Malheureusement pour lui, même son suicide est un échec : sauvé in-extrémis, ses capacités intellectuelles sont fortement endommagés et son existence se réduit à l'espace de son fauteuil roulant. Adi, l'étudiante qui lui a sauvé la vie et à qui il avait légué toute son œuvre,s'installe alors au domicile du professeur pour prendre soin de lui. Décidée à faire sa thèse sur l'œuvre de Pendleton, elle découvre, soigneusement dissimulé dans la cave, un roman inédit. Le Cri est le récit effrayant d'un tueur d'enfant, un homme qui ne croit plus en Dieu. Immédiatement, Adi pressent qu'elle tient dans les mains le chef d'œuvre de Pendleton, et avec l'aide d'Horowitz, elle parvient à le faire publier. Mais quelques semaines plus tard, elle se rend compte que ce récit est loin d'être une fiction...

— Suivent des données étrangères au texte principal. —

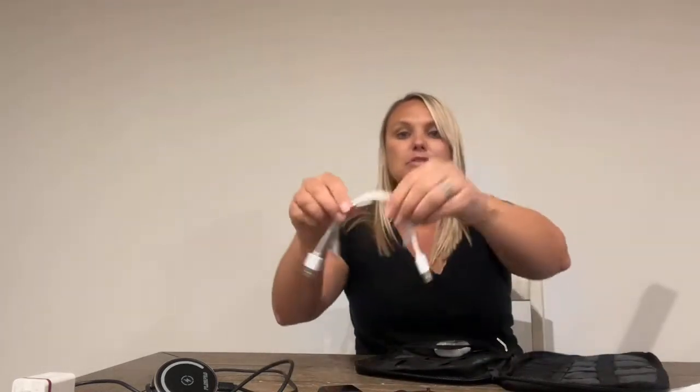I have my pods here and some smaller cords, so I'm gonna put that in there. This is also made out of water repellent material, which is something great — you can just have it at home to organize your electronics.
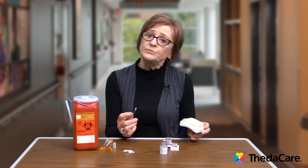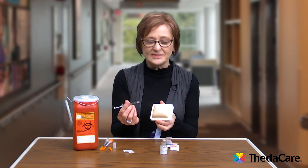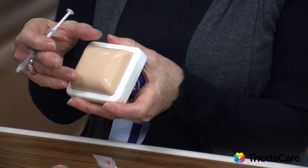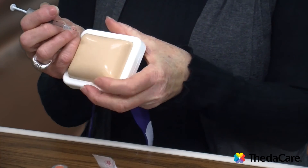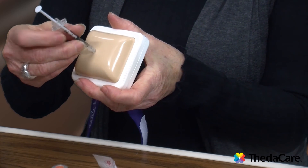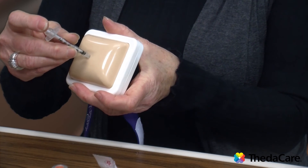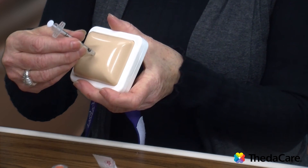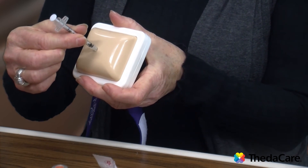Typically, for best absorption, the abdomen is a good place to choose. Depending on the amount of fatty tissue you have, you may choose to pinch up a fold of skin — otherwise it's not necessary. Take your needle, go straight in, and slowly push the insulin in until you've pushed the plunger all the way in. Then wait for about 10 seconds before you pull that needle out, so it allows the insulin to absorb. After 10 seconds, pull it straight out.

J'ai beaucoup aimé ce roman, mais peut-être est-il nécessaire de préciser qu'il ne s'agit pas vraiment d'un polar ni d'une enquête sur la création littéraire. En effet, si vous vous attendez en lisant ce récit à une intrigue haletante sur l'origine de ce manuscrit ou sur la découverte du meurtrier, il est fort probable que vous soyez déçus. La vie secrète d'E. Robert Pendleton est avant tout un roman psychologique et sociologique. Mais il est vrai que la quatrième de couverture et les cent premières pages sont assez trompeuses : sur un rythme assez rapide, Michael Collins sème un a un ses indices et quand la deuxième partie - intitulée Enquête - commence, on s'attend à une accélération de la narration. Or c'est tout l'inverse qui se produit. Alors que le point de vue passe de Adi à Jon Ryder (flic chargé des affaires non classées), le rythme devient tout à coup plus lent, et Michael Collins s'attarde sur la psychologie de chacun de ses personnages.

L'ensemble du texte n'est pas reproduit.